God Himself abides in the soul of him who is forgiven of sins by the action of the grace of the Holy Spirit, as the Scriptures attest. There the glory of the Holy Spirit is called the kingdom of heaven, and it is within you, and the Holy Spirit makes His dwelling in us through faith.
And the Christian, who is guided, strengthened, and purified by the Lord’s commandments, does not then simply have some vague spiritual illumination or human enlightenment. For our Lord attests, as we hear in today’s Gospel, “I am the light of the world.”
I am the light of the world, He said. Not the light of Judaea or Galilee, the light of East or West. Not the light of one nation or another, one people or another, but the light of all the world. Christ calls Himself the Light of the world, for in Him is indeed the light of the divine glory; He shines With the radiance of understanding upon those who are spiritually purified.
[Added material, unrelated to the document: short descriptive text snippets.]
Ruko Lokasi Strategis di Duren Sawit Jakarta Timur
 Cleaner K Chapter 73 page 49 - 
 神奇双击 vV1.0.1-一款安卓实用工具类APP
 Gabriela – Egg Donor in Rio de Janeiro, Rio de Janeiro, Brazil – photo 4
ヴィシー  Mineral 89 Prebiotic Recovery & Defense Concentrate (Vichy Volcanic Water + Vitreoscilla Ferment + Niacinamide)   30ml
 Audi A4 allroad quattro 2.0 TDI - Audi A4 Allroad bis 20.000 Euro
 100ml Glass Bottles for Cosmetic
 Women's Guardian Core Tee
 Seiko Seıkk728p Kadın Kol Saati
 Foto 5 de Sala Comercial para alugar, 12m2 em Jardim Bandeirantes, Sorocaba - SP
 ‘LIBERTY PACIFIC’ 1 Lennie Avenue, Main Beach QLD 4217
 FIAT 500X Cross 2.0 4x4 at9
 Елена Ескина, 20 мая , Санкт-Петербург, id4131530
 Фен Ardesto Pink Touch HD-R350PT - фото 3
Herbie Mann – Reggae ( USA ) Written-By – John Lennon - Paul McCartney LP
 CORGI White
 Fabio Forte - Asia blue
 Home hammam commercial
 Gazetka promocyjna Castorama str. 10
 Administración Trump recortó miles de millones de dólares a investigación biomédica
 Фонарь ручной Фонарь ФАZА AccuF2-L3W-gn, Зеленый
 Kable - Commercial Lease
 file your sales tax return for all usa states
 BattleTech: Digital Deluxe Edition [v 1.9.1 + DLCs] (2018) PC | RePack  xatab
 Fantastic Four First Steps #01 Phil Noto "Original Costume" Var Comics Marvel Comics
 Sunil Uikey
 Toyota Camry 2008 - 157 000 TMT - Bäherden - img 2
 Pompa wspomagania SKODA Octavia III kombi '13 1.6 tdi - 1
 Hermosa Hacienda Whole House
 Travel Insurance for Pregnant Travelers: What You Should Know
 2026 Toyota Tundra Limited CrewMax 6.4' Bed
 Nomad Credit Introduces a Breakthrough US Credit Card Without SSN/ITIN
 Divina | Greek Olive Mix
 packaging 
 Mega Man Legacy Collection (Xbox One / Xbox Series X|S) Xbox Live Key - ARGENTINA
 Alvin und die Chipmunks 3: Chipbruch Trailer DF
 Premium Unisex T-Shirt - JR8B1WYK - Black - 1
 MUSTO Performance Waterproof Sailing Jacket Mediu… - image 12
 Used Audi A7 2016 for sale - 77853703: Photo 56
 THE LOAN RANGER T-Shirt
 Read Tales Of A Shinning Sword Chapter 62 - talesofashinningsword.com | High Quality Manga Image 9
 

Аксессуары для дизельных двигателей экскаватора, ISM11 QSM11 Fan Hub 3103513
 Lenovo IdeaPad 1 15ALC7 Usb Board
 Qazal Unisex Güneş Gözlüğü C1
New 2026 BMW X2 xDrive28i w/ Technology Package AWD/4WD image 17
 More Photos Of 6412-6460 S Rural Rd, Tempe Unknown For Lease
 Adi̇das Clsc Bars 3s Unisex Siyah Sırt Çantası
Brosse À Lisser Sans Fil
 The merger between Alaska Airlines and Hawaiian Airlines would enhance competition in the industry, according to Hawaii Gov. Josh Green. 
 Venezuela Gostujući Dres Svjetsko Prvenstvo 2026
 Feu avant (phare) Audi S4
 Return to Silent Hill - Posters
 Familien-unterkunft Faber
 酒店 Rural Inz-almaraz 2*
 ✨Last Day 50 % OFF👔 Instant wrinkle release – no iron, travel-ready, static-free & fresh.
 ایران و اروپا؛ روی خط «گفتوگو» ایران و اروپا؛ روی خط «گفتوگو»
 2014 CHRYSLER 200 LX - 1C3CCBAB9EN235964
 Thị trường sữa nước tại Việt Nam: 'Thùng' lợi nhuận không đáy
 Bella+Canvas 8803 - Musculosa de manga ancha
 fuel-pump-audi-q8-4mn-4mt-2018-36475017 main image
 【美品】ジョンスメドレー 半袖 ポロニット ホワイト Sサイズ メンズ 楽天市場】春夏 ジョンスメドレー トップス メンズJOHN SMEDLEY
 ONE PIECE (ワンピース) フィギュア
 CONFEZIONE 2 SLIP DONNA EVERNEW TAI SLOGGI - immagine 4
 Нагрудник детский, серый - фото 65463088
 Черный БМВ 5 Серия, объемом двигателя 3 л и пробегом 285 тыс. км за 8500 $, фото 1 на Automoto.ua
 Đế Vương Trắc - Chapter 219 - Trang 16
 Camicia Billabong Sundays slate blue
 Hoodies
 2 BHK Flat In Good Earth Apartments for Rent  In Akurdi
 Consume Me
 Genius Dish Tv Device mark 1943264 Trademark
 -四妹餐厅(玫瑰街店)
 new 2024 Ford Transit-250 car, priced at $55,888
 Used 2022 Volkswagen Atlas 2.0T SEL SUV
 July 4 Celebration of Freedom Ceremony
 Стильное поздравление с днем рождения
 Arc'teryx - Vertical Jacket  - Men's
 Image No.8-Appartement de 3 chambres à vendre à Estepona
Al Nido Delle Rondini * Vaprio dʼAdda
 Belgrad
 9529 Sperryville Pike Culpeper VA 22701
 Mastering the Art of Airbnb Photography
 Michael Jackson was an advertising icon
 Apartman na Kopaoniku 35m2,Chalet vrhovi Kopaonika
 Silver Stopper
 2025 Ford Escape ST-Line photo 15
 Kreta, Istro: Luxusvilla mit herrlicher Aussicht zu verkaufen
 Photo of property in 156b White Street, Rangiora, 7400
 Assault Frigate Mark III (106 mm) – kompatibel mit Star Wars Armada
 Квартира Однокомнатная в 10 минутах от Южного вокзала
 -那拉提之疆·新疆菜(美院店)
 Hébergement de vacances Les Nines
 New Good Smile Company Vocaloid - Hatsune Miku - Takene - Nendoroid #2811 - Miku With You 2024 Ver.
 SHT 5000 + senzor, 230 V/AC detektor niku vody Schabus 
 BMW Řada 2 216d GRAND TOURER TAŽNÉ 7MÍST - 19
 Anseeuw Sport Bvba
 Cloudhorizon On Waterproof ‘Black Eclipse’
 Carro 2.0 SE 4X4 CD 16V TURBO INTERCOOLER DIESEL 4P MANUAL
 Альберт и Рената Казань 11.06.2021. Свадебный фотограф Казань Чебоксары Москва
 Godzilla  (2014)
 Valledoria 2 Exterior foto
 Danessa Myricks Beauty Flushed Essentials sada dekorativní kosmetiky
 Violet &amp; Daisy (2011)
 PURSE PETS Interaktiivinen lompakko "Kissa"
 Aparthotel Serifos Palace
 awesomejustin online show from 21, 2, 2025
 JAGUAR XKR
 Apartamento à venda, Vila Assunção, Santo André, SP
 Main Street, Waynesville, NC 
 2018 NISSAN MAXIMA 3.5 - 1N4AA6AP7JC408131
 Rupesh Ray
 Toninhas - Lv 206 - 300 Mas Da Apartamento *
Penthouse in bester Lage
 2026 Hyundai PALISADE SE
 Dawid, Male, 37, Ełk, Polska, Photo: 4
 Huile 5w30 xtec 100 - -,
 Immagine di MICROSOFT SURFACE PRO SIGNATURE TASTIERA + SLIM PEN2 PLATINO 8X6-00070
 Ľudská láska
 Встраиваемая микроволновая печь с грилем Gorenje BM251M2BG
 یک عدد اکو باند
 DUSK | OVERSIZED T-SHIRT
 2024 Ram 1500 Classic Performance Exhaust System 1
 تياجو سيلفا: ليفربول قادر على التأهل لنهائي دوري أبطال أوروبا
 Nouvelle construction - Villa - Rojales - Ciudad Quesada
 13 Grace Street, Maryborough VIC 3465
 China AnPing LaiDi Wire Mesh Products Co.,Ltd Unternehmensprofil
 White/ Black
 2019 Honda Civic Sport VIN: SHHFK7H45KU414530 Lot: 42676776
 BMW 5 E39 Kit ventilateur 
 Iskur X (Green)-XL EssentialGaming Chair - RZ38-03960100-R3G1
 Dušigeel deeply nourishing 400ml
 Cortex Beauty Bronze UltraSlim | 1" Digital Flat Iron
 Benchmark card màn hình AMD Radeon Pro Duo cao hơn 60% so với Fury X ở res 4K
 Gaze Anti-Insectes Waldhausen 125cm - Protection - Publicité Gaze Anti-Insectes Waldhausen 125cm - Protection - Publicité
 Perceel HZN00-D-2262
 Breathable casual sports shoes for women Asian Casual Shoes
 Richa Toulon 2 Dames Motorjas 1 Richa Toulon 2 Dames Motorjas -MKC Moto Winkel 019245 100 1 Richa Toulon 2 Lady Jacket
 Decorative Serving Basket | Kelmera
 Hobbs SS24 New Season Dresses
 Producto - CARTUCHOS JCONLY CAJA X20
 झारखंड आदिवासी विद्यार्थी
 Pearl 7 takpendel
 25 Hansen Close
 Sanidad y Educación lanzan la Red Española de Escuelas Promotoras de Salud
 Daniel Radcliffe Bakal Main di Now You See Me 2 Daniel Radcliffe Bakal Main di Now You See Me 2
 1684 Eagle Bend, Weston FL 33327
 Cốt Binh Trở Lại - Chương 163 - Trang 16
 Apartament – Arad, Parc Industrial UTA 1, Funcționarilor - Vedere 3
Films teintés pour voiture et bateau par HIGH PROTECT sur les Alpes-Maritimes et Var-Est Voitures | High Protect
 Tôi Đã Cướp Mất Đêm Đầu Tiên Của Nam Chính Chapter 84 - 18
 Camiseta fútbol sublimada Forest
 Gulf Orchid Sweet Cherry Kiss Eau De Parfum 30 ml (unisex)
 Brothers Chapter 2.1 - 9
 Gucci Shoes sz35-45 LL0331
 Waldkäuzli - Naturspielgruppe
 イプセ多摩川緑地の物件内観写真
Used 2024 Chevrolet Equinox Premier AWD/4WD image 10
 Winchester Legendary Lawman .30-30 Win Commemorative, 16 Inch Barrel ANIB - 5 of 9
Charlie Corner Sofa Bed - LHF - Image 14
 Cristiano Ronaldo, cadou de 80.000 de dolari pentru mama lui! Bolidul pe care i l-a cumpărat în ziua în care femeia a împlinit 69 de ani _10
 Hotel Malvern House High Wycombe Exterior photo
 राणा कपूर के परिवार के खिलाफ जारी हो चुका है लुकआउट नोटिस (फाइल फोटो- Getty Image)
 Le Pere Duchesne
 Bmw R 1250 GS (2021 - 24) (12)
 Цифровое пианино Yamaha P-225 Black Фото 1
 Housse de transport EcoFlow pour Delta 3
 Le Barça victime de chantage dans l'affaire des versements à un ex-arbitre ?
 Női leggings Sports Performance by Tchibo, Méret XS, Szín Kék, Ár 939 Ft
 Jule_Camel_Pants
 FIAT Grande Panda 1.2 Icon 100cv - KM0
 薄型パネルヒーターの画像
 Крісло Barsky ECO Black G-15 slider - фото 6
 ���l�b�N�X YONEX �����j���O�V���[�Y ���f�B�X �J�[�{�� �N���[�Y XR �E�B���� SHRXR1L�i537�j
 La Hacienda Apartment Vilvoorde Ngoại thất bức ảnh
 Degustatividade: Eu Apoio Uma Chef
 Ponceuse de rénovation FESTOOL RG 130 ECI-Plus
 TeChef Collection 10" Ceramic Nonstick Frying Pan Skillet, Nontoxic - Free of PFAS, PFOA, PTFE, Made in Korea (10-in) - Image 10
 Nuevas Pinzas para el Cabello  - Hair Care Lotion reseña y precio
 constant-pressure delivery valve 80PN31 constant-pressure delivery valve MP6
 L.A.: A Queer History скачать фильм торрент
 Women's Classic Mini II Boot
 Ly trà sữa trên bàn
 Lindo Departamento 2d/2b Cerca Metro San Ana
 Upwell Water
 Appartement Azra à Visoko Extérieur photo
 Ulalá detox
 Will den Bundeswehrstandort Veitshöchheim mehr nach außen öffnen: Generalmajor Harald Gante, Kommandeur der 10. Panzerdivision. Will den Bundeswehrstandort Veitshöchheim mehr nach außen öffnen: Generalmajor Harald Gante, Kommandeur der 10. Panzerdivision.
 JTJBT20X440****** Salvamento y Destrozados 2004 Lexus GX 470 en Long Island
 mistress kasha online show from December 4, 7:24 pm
He enlightens us who are held in the darkness of ignorance. Christ is the Light, because He is the illuminator of souls which are being purified in word and life. If sin and ignorance are darkness, then certainly knowledge and life in God are light.
He that follows this Light will not abide in error and sin. He will not walk in darkness, but in the light of life, of truth, and of justice.
Who is a follower of this Light? Who is a follower of Christ? He or she who is a doer of the word, and not a hearer alone. He who is pious, she who lives righteously, he who is reverent, she who is generous, he who is long-suffering, she who is joyful; all those who work in the light Who is Christ, all those walking the path of grace, walking as in the day, for all these things are the fruit of a living faith, that most necessary virtue.
Let us, then, my friends, today as the rest of this year now spreads itself before us, this time after Pentecost, and as we face the good work which is to be done by us – and in us – during this time, let us, as we bend the knee, resolve happily all the more to live piously, to live righteously and blamelessly, to walk honourably, and to follow the light of faith and of Christ’s commandments. Let us not dwell in – or dwell on – the outer darkness of sin, the outer darkness of wickedness and error, of deceitfulness and spiritual delusion; but let us have the light of eternal life.
Let us bend our knees in purity of heart, and let us today and ever adore the Most Holy and undivided Trinity.